The clock is ticking for a rather precarious Theresa May. After a shambolic election result, and at least 48% of people wanting Theresa May to stand down, according to YouGov, it is clear that sooner or later, the prime minister will be forced to hand over the reins.
Indeed, the recent election omnishambles signifies that Theresa May’s Premiership is now, somewhat vulnerable. What has made this election so ironic and indeed damning for the Tories, was the heart-wrenching loss of the PM’s vital government and personal mandate, the latter of which she desired to pursue Brexit. Why should we be surprised? With a shambolic manifesto launch, the Prime Minister could well have been entering Downing Street on 9th June to pack her bags.
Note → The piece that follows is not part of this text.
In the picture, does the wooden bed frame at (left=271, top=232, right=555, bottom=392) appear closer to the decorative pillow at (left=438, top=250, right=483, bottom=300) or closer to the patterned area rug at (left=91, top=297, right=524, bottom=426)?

The Prime Minister’s integrity is in jeopardy. She called an election with the hope of increasing her majority, and now after a tumultuous few months, that has vanished. According to Mrs May, the electorate had a choice between strong and stable leadership or a coalition of chaos under Labour. But under the Tories we now have the latter, a minority order keflex internet government facilitated by a series of backroom deals. Indeed, the Prime Minister’s desperation was witnessed with a £1 billion new deal for funding in Northern Ireland; a short-term sweetener to try and salvage her credibility. The question that remains is that with limited parliamentary strength, how is Theresa May going to secure the best Brexit deal, is she risks not being able to obtain the support of Parliament? Only time will tell.
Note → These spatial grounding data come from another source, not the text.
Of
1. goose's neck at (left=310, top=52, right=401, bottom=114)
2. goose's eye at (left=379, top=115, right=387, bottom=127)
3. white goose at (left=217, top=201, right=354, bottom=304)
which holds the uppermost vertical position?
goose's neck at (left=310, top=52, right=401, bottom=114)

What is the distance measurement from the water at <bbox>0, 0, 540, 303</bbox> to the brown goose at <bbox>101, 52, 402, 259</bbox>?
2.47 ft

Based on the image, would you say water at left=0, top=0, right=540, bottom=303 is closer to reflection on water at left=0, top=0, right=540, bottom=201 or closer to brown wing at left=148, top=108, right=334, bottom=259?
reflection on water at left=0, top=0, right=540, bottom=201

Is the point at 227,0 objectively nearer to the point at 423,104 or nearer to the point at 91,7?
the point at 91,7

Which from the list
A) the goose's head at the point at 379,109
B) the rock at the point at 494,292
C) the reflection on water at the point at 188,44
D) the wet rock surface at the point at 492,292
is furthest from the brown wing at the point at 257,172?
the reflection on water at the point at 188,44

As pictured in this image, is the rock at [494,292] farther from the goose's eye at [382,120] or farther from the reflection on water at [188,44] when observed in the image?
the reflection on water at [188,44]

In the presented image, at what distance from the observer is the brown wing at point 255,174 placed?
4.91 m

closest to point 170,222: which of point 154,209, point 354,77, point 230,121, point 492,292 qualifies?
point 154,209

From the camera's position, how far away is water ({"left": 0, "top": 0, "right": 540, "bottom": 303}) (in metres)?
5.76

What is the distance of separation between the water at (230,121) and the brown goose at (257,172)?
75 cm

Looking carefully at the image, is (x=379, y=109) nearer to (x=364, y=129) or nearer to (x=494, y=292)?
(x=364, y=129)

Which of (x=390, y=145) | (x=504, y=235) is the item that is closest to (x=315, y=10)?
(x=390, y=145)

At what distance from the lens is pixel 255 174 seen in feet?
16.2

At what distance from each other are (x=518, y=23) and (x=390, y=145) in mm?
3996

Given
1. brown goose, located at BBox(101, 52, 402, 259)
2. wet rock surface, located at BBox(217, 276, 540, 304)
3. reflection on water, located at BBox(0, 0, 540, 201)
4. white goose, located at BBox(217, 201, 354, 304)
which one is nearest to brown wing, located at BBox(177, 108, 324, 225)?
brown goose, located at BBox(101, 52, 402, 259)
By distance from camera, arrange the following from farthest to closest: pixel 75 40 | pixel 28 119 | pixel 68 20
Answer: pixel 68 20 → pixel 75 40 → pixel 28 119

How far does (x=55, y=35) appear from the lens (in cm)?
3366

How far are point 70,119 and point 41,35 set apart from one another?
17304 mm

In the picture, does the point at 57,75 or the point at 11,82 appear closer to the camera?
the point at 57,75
The silence of the major cabinet ministers after the initial election result foreshadows the trouble she will face in the coming weeks. After losing a paper-thin majority and the prospect of a future general election victory, in pursuit of a personal mandate, Mrs May has severely divided the party. In a recent survey of 1000 Conservative Party members, 60% called for the Prime Minister to resign. It is now not a question of if, but when Theresa May will be cast aside in a vicious witch hunt, fuelled by the growing internal resentment at the fact that this election embarrassment, was easily avoidable.